We continually receive requests to sign a business associate (BA) agreement from other covered entities we do routine business with.

Is there a statement or stated language in the HIPAA/HITECH that can be used to state to these covered entities that we do not need a BA agreement with the other covered entity because we are a covered entity?

It seems that BA documents are being used inappropriately, or as a “catch all, just in case” scenarios.  And, if these are being used like this, is it safer in being compliant to just go ahead and sign the BA even though it is not needed?

Sharon Hallberg

Comments

  1. Frank Ruelas says:

    Sharon,

    Keep in mind that just be virtue of being a covered entity does not mean that the business associate agreement doesn’t apply. As indicated in the HIPAA rules (45 CFR 160.103) a covered entity may be a business associate of another covered entity.

    Perhaps this is where things are getting tangled.

    Consider asking the covered entity representatives to explain specifically and precisely to you how your organization is seen as a business associate given the underlying relationship or agreement that may exist. This may help shed some light on why the covered entity thinks a business associate agreement may be applicable.

    Good luck!

    Frank

  2. Frank Ruelas says:

    Sorry for the typos…that’s what I get for trying to do this on a handheld!

    Frank

  3. Dom Nicastro says:

    Hi Frank:

    I traded e-mails with Sharon about this as well, and I, too, talked about the same thing — that a covered entity can in some cases be considered a BA.

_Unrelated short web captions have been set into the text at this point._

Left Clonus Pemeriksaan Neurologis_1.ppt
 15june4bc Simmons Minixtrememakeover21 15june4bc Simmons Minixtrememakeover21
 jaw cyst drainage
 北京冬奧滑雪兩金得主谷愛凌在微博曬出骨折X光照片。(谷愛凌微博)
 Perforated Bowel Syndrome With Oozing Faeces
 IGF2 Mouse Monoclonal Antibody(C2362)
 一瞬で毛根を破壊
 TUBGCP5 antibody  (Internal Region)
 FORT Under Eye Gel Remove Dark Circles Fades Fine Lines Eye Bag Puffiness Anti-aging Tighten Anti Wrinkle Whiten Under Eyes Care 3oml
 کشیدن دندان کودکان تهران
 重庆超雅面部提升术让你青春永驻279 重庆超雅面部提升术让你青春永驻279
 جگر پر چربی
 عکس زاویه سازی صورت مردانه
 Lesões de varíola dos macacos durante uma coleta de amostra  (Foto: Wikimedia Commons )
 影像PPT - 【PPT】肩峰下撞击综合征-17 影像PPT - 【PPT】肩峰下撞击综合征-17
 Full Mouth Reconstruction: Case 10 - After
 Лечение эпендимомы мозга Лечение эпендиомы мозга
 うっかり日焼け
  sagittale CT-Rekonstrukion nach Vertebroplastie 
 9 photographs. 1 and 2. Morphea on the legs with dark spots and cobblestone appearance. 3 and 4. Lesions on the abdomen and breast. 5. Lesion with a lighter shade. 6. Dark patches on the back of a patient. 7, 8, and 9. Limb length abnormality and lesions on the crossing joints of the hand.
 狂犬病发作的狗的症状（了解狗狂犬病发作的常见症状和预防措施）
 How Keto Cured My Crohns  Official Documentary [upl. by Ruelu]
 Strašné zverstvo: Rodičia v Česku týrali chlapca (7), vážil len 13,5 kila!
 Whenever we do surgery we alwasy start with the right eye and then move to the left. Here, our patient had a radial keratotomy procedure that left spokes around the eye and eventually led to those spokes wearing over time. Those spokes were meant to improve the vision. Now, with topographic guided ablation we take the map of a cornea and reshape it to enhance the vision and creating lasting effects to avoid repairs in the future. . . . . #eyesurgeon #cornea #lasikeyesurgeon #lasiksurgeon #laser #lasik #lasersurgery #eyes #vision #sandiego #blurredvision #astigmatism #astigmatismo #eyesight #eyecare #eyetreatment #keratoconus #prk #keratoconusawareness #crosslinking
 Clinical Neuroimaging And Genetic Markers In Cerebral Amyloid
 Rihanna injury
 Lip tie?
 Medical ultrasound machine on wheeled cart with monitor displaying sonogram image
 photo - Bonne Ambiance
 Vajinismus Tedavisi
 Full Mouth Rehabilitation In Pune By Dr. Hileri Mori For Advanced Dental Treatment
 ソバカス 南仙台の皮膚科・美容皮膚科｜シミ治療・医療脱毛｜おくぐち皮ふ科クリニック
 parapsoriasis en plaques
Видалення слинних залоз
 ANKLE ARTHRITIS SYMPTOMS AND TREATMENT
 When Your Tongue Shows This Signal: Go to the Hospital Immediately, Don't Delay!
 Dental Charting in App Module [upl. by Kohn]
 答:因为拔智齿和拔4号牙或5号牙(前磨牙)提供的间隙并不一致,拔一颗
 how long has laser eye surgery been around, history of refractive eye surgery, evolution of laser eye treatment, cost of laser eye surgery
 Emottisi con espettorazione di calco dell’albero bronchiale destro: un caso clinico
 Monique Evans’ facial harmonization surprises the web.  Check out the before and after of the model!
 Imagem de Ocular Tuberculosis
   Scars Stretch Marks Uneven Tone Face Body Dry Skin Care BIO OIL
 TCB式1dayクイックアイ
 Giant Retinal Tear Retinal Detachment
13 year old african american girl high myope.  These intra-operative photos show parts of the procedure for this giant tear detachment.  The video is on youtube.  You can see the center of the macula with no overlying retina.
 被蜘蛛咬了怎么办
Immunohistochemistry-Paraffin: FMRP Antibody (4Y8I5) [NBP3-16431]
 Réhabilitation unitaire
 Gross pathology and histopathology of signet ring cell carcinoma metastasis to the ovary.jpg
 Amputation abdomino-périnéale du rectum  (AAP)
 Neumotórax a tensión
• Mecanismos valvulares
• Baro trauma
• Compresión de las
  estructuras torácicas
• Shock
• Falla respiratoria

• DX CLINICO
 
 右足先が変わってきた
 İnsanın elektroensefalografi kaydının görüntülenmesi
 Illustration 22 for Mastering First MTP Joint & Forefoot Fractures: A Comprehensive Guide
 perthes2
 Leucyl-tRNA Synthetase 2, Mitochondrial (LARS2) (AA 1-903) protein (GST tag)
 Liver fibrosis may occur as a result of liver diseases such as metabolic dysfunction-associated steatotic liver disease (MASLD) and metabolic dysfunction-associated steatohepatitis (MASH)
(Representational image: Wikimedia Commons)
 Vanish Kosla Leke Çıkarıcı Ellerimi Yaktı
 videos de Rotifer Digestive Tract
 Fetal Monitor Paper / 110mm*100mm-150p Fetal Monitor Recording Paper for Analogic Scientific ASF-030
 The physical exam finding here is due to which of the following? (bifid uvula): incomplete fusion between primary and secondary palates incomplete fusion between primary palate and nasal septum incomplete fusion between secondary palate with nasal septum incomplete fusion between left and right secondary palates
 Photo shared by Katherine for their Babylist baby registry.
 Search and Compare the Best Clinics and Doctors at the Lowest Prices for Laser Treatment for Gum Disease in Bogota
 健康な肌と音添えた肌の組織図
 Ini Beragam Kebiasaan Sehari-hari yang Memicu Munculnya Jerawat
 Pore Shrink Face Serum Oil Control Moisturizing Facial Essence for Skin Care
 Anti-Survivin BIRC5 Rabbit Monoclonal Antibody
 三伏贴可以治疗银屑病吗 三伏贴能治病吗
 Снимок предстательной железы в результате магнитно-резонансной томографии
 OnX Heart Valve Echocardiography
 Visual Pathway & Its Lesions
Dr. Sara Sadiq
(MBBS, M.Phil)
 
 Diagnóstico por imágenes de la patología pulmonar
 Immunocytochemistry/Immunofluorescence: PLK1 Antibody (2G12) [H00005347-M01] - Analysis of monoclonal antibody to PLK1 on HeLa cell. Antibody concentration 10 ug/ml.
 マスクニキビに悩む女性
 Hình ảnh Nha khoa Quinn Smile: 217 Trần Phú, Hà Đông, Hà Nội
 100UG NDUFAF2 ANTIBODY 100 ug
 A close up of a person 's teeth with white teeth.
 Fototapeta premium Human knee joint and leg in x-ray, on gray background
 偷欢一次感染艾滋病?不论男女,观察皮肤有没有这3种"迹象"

    Lots of scenarios to consider. Hopefully, some of this ground will be covered in upcoming OCR guidance.

    Thanks for blogging to all!

  4. Keith Nelson says:

    Hello Sharon.

    Good question. I also have received requests for us to sign BAAs that are not required.

    If a covered entity is providing treatment for patients of another covered entity, they are not considered a business associate of the covered entity.

    See 164.502 (e)1 (ii)(A).

    Also note that in 160.103 under the definition of Business associate it lists those activities that would qualify and entity as a business associate and treatment is not one of them.

    Good Luck convincing some people, however. If the terms of the BAA follow the requirements of HIPAA and do not contain other adverse provisions we have found that some times it is just easier to sign the BAA rather than try to fight that it is not required. As a covered entity we are required to follow all of the basic provisions in a BAA anyway.

    Keith

  5. Bridget McCay says:

    Hi Sharon,

    I agree with the comment left by Keith. If you refer to the Federal Register, Vol 67, No. 157, August 14, 2002, pg. 53252, it explains that the Privacy Rule exempts from the business associate requirements disclosures for treatment purposes It references Section 164.502(e)(1) as Keith explained. However our laboratory also receives lots of BAAs to sign. I used to send out an explantory letter saying why we didn’t have to sign, but the agreements just kept coming! We go ahead and sign them now too out of sheer exaution!